W przypadku pojawienia się kamienia w pralce, z czasem zaczyna głośniej pracować. Można zapobiec osadzaniu się kamienia już na wlocie wody – montując magnetyzer wody. Nie tylko zmiękcza on wodę i zapobiega osadzaniu się kamienia, ale także redukuje zużycie proszku do prania nawet o 1/3. Mówiąc wprost rozbija osady, dzięki działaniu pola magnetycznego.
Kamień w pralce, a uszkodzenie poszczególnych podzespołów
Wszystkie części mające styczność z twardą wodą niszczą się wskutek osiadania kamienia. Awarii może ulec np. elektrozawór, zabieraki, a nawet bęben. Szczególnie miejsce łączenia wału z bębnem narażone jest na korozję i przegnicie. W efekcie tworzy się luz na połączeniu krzyżaka z osią bębna. Prowadzi to do dalszych problemów z urządzeniem i w efekcie sporych kosztów naprawy.
Zakamieniona grzałka – większe zużycie prądu
Kamień osiada również na grzałce, co na dłuższą metę ma dla niej katastrofalne skutki. Przede wszystkim zmniejsza jej efektywność, a to sprawia, że do uzyskania odpowiedniej temperatury wody w pralce, element musi mocniej się rozgrzewać. Owocuje to wzrostem zapotrzebowania na prąd i może doprowadzić do przepalenia grzałki.

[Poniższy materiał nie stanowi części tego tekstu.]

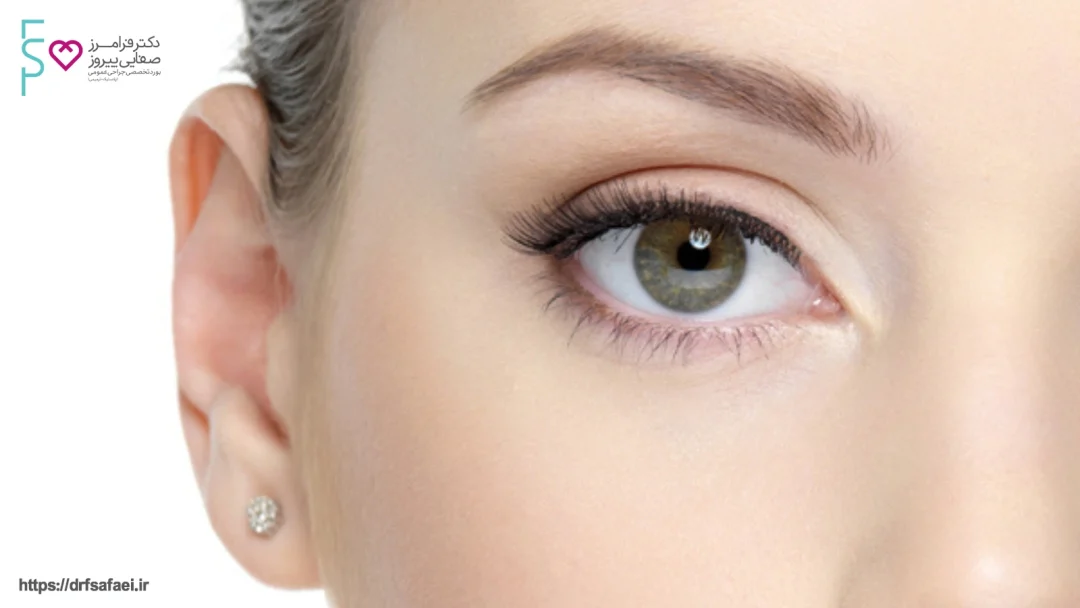 بلفاروپلاستی چشم گربه ای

Warto okresowo czyścić pralkę, używając do tego celu preparatów odkamieniających. Do pustej pralki, bez wsadu wsypujemy środek i nastawiamy program m.in. na 60 stopni. Tak rozpuszczony detergent wnika we wszystkie zakamarki pralki, czyści bęben, przewody, grzałkę. Wymywa wszelkie osady nagromadzone z proszków do prania i płynów zmiękczających.
Jak chronić pralkę przed kamieniem?
W przypadku kamienia, zdecydowanie łatwiej jest zapobiegać, niż mieć później do czynienia ze skutkami, które najczęściej są bardzo trudne do naprawienia.
- Ponieważ kamień powstaje w dużej mierze z powodu twardej wody, warto zacząć od jej zmiękczania. Zmiękczacze wody, to urządzenia, dzięki którym wapń i magnes są wymieniane na sód. Oprócz zapobiegania kamieniowi, podniesie to też skuteczność prania – miękka woda lepiej współpracuje ze środkami do piorącymi.
- Możesz wyposażyć się także w filtry z polifosfatem. Choć chronią one pralkę, to jednak nie zastąpią zmiękczania wody.
- Jednym z kroków podstawowej konserwacji pralki, jest jej regularne odkamienianie – zaleca się robić to co najmniej raz na miesiąc. Jeżeli połączysz to ze zmiękczaczem wody lub z filtrami, unikniesz awarii spowodowanych powstawaniem kamienia.